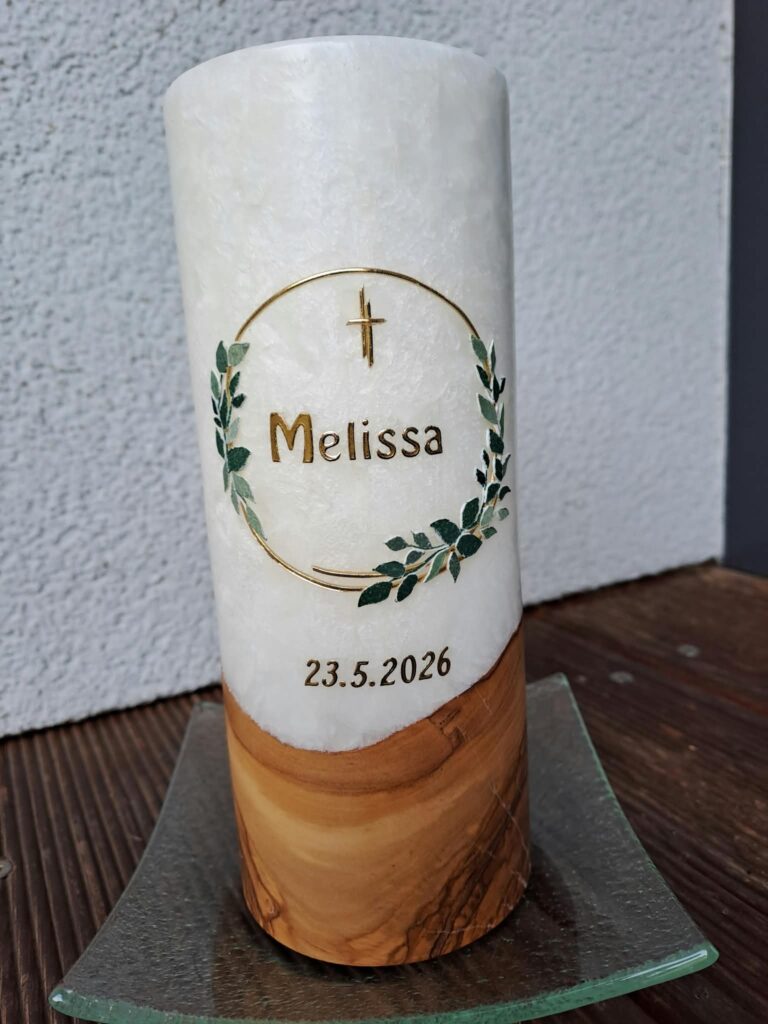 Kerze personalisiert zur Firmung mit Aufschrift Melissa 23.5.2026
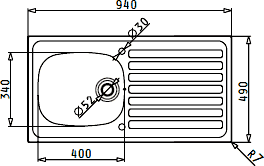 Technical image of Pyramis Kitchen Sink, Waste & Tap. 940x490mm (Reversible).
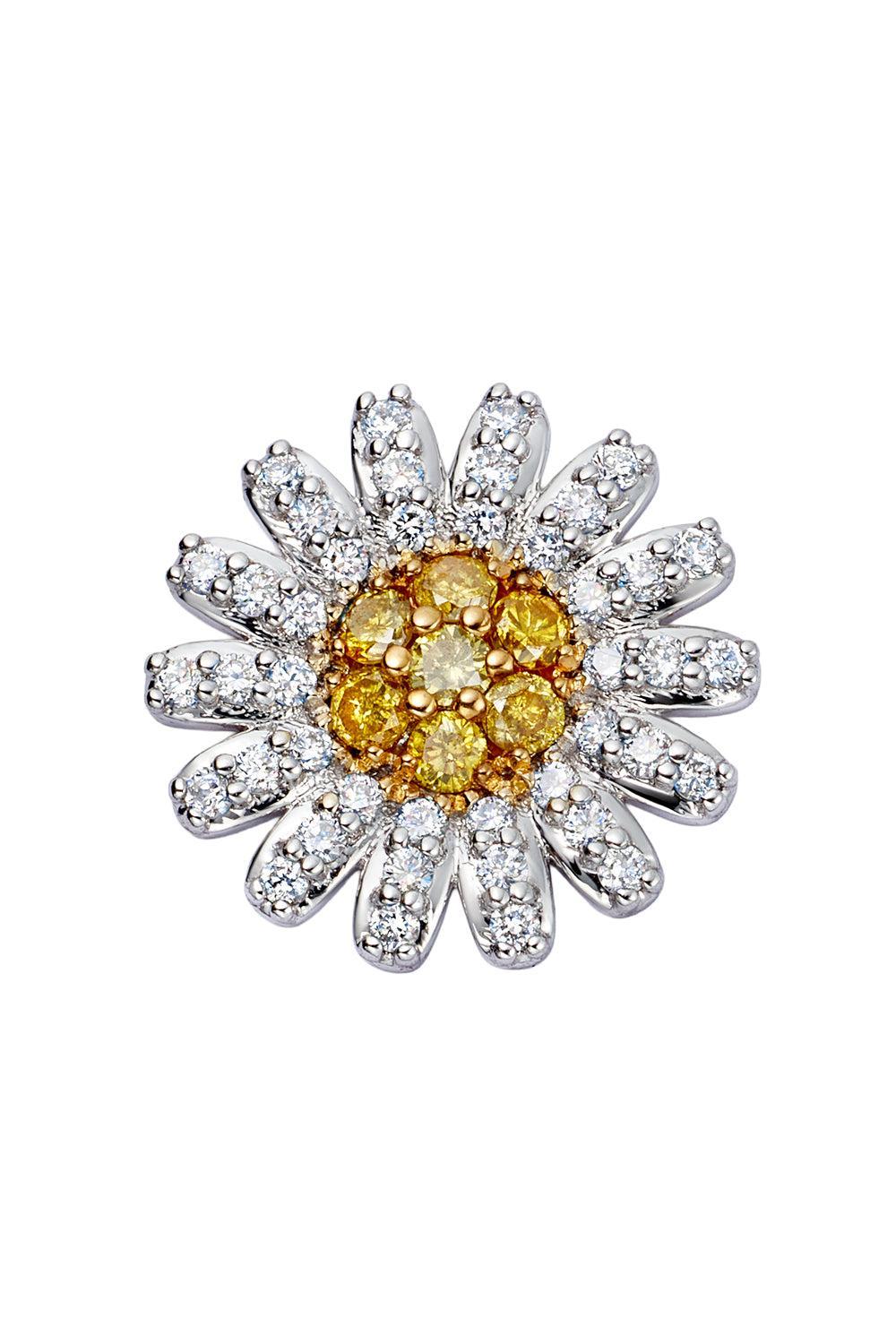 Diamond Daisy Charm-WHITE GOLD-JEWELRYFINE JEWELPENDANT-LOQUET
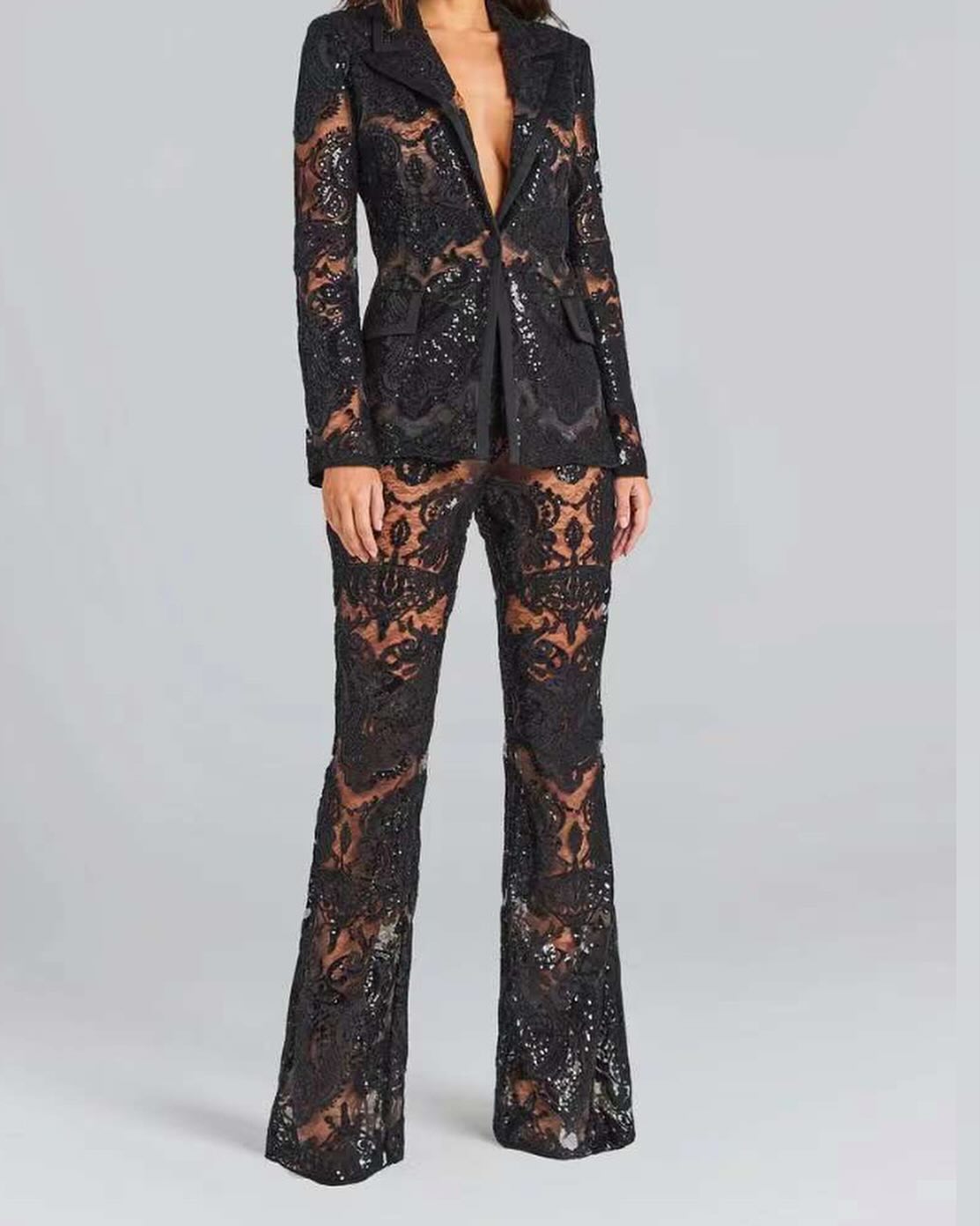 Lace And Sequin Holiday 2pc Set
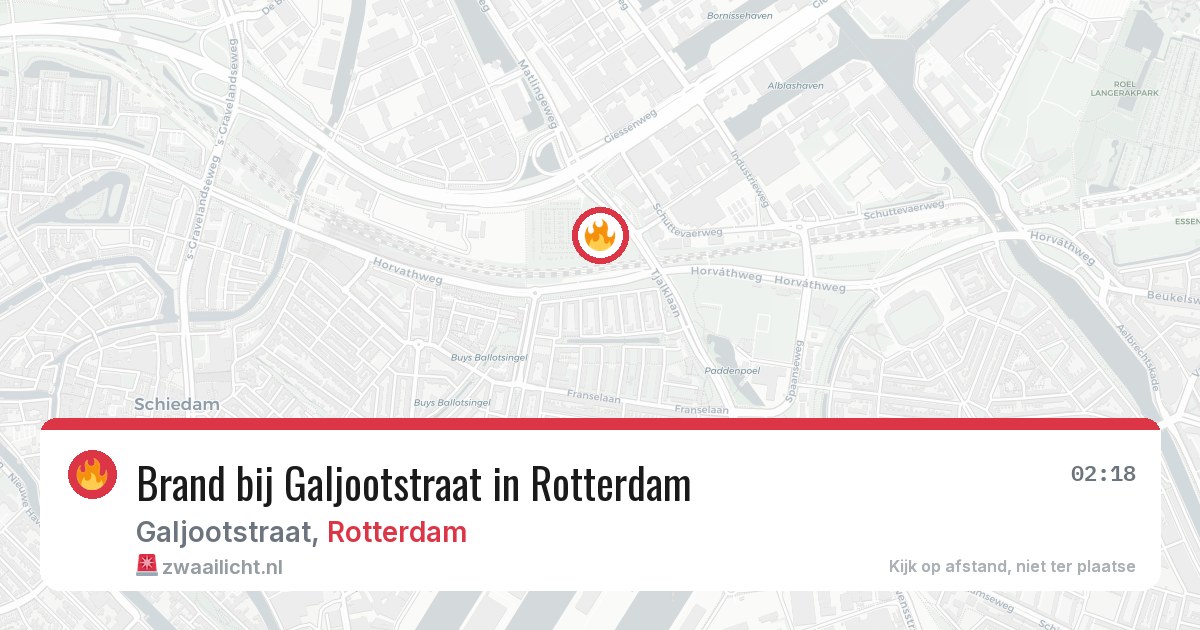 Brand bij Galjootstraat in Rotterdam — 27 mei 2026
______________________________
The records above, minus their pictures, are to be returned word for word.

 Kerze personalisiert zur Firmung mit Aufschrift Melissa 23.5.2026
 Technical image of Pyramis Kitchen Sink, Waste & Tap. 940x490mm (Reversible).
 Diamond Daisy Charm-WHITE GOLD-JEWELRYFINE JEWELPENDANT-LOQUET
 Lace And Sequin Holiday 2pc Set
 Brand bij Galjootstraat in Rotterdam — 27 mei 2026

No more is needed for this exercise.